In a previous post I said that one of my reasons to develop a RELOAD implementation was to implement VIPR. Another reason is to be able to develop software that is resistant to developer bugs.
The Internet is global, which means that a service should be available 24/7, and having a web page saying that a service is down for maintenance is just plain incompetence, and companies doing this should be publicly shamed for this. There is multiple ways to build systems that can still work during software update, operating system bugs and other disasters, and I think that Google did a lot of good in this domain by showing that it could be done in a way that does not require to spend millions of dollars in hardware – I advocated a Google-like architecture a long time before Google even existed and it was a relief when Google started to publicly disclose some of the things they were doing because then I could end my explanations by a “and BTW, this is exactly what Google is doing!”. Herd mentality always works.
Now imagine a service that is already doing all the right things – Amdahl’s law is the Law of the Land, sysadmin motto’s (“if it ain’t broke, don’t fix it”) is cause for immediate dismissal, programmers cannot commit without unit tests and peer reviews, and so on. The problem is that even when using the best practices (and by best I certainly do not mean the most expensive) a whole system can still go down because of a single programmer’s bug – and we certainly had some very public examples of that recently.
Bugs are not something programmers should be ashamed of – instead they should be thought as a probability, and this probability integrated into the design of a service. One of the best proof that bugs are not preventable mistakes but unavoidable limitations of software is the so-call “software bit rot”, i.e. the spontaneous degradation of software over time. Software does not really degrade over time; it’s just that the environment under which they are running is changing over time – faster processor, larger memory and so on. Basically this means that event if we can prove that a software is perfect now, unless it is possible to predict the future it is not possible to guarantee that a program will be without bugs in the future.
So, as always, if there is no solution to a problem then just change the problem. Bugs have a more or less constant probability to happen, i.e. X bugs for Y lines of code.

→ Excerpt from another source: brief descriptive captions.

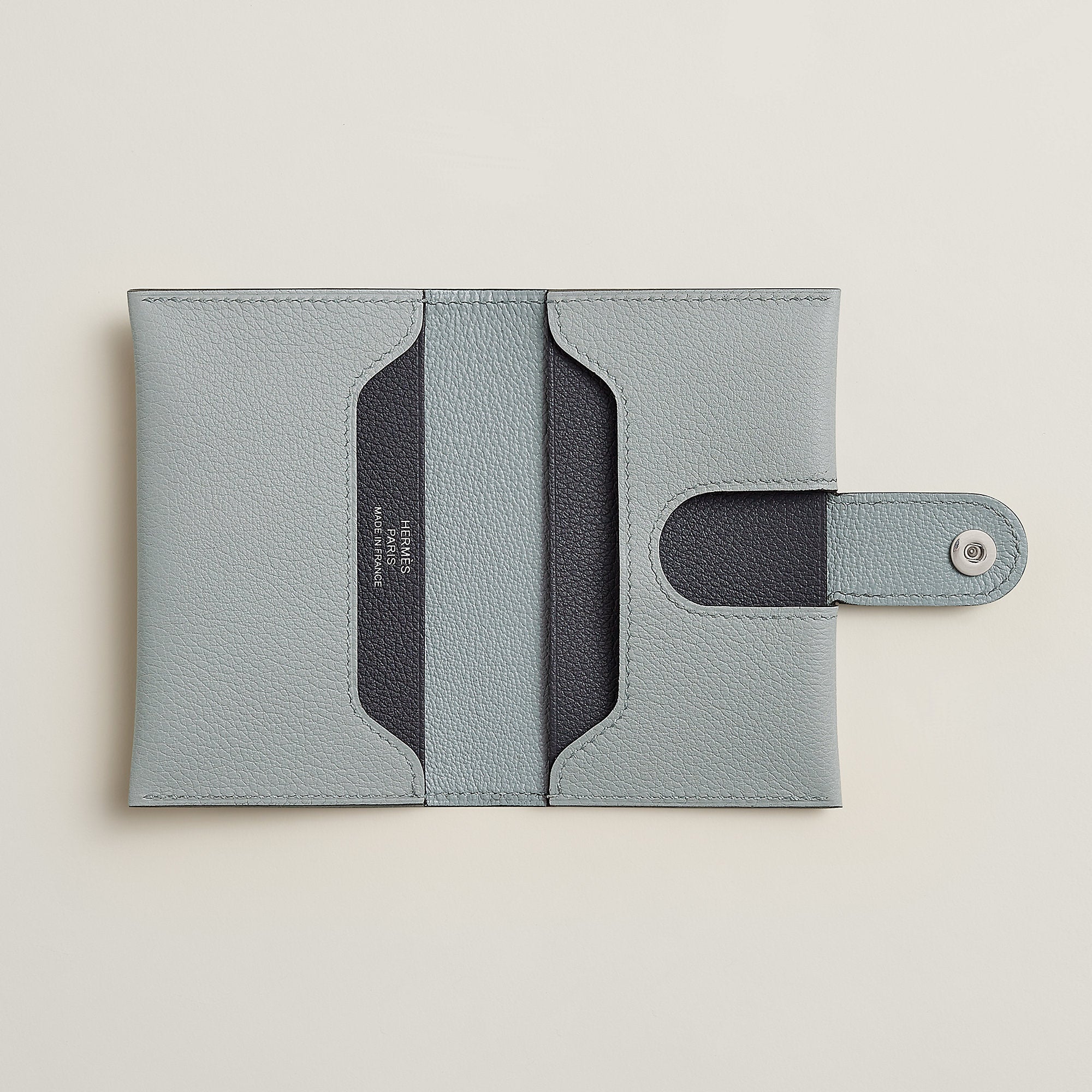 Hermes R.M.S Card Holder Bleu Glacier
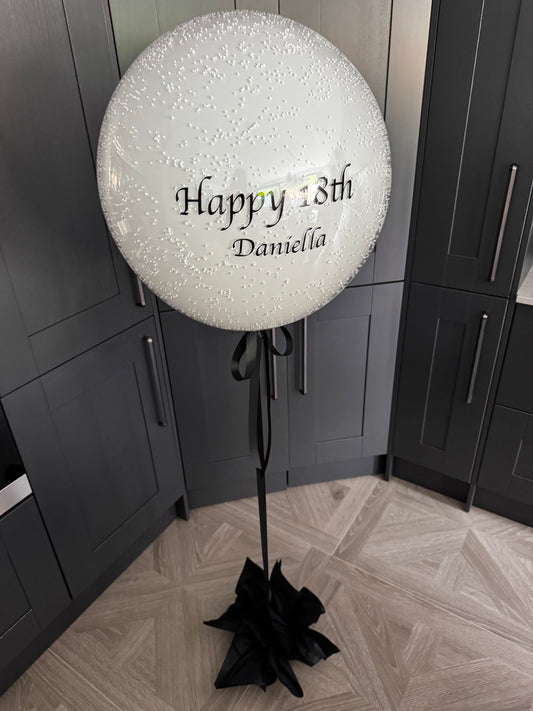 Pearl Luxe – Personalised Balloon in a Box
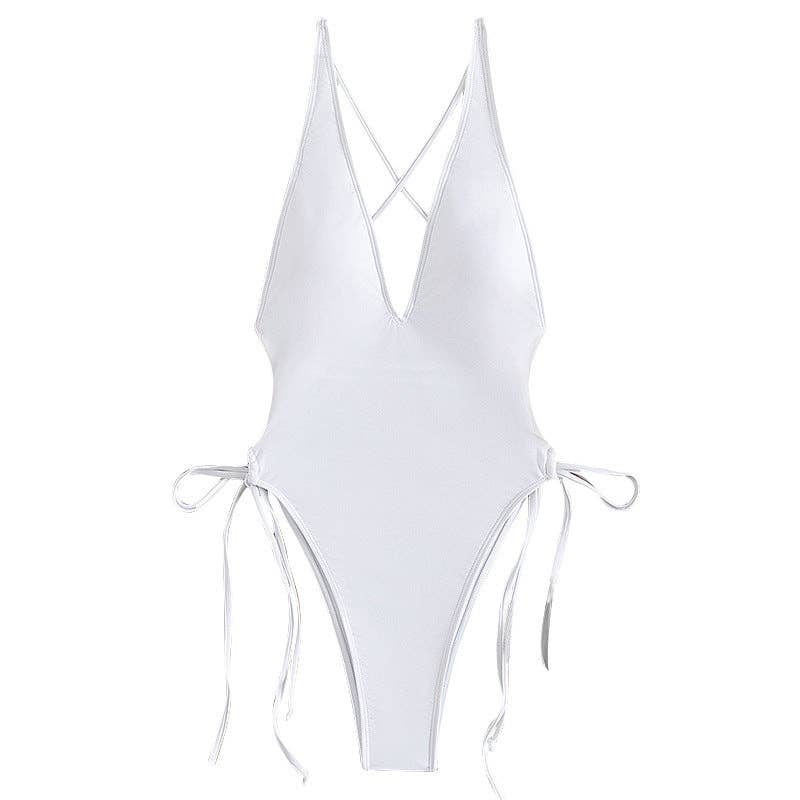 Halter Neck Bikini-Style One-Piece
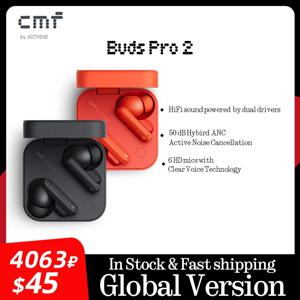 글로벌 버전 CMF 버즈 프로 2, 하이브리드 액티브 노이즈 캔슬링, 6 HD 마이크, IP55 블루투스 5.3, 50 dB, 신제품
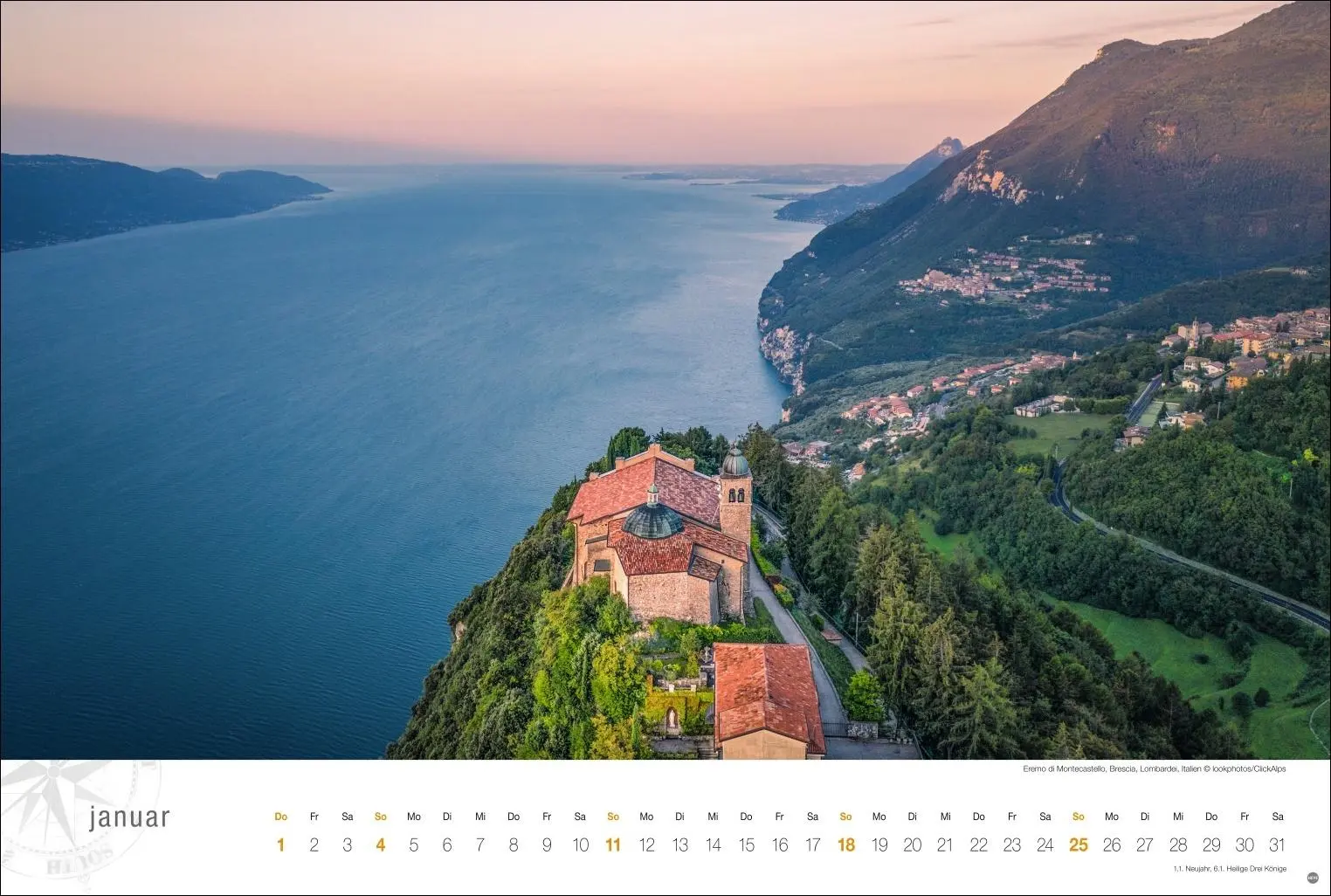 Bild: 9783756411337 | Gardasee Globetrotter Kalender 2026 - Von romantischen Buchten und...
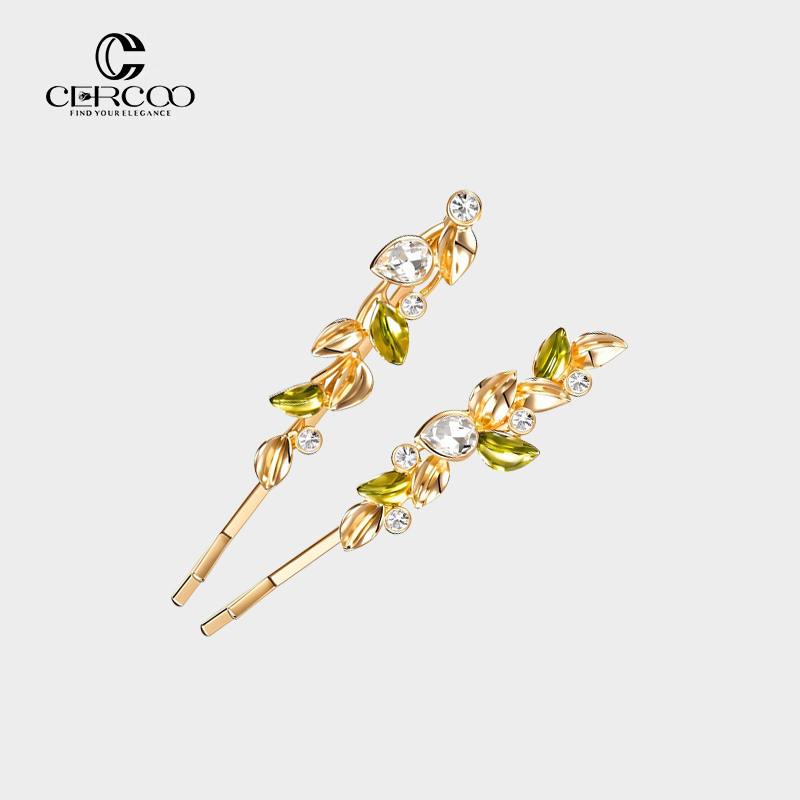 奢蔻复古刘海夹优雅对夹发卡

I am not aware of any research in this domain (pointers welcome!) but intuitively I would say that two independent developers starting from the same set of specification will come with two different software and, more important to my point, with two different sets of bugs. If the probability of a major bug in any implementation is X, the probability that the same environment triggers the same bug in two completely different implementations should be X^2 (assuming that developers are not biased towards certain classes of bugs). In other words if we can run in parallel two or more implementations of the same specifications and be able to choose the one that is working correctly at a specific time, then we increase by multiple orders of magnitude the reliability of our service (one of my old posts used the same reasoning applied to ISP. Just replace “service down” by “someone will die because I cannot reach 911”).
Obviously running multiple implementations of the same specifications at the same time is really expensive and, as far as I know, is used only when a bug can threaten life, like in a nuclear electric plant. If we can solve the economics of this problem, then we should be able to offer far better services to end-users.
Now back to RELOAD. RELOAD is a standard API for peer-to-peer services. There is nothing really new in RELOAD – it uses technologies, like Chord, that are well-known and, for some people, that are probably close to obsolescence. The most important, at least in my opinion, is that for the first time we have a standard API to use these services on multiple implementations that can inter-operate with each other. Having a distributed database is great for reliability purpose, but having a distributed database that is running on different implementations, like RELOAD permits, is far better.
But RELOAD is not limited to a distributed database. With the help of ReDIR, we can have multiple implementations registering a common service, and so if one implementation fails, we still can count on the other implementations of the same service.
As for the economic side of having multiple implementations, instead of having only mine developed in-house I can swap it with similar code developed by another implementers. At the end if I am able to do this with 3 or 4 other implementers, all of us will have an incredibility more resilient service without spending a lot more money (this is the reason why I am so against having THE ONE open or free software implementation of a standard. The more implementations are developed, the better the users will be served. Implementation anarchy is a good thing, because it fosters evolution).
OK, I admit that was a long introduction for version 0.6.0 of the libreload-java package and the associated new Internet draft about access control policy scripts, especially because access control policy scripts paradoxically do not improve the reliability of a service based on RELOAD, but reduce it. The reason for this is that access control policy are ordinarily natively implemented so a bug is local to an implementation. This draft permits to distribute a new access control policy but as the same code will be shared between all the different implementations this creates a single point of failure. This is why access control policy scripts should be considered only as a temporary solution, until the policy can be implemented natively. The script copyright should prevent developers to copy it but we all know how that works, so to help developers do the right thing and not be tempted to look at the scripts when implementing the native version in their code, the source code in the XML configuration file is now obfuscated by compressing it and converting it to a base64 string.
The draft also introduce an idea that, in my opinion, could be worth developing, which is that the signer of a configuration file should play an active role in verifying that all implementations in the overlay follow the rules set up by the configuration file. For example the signer can send incorrectly signed configuration files to random peers, and add them to the blacklist in a future configuration file if they do not reject it.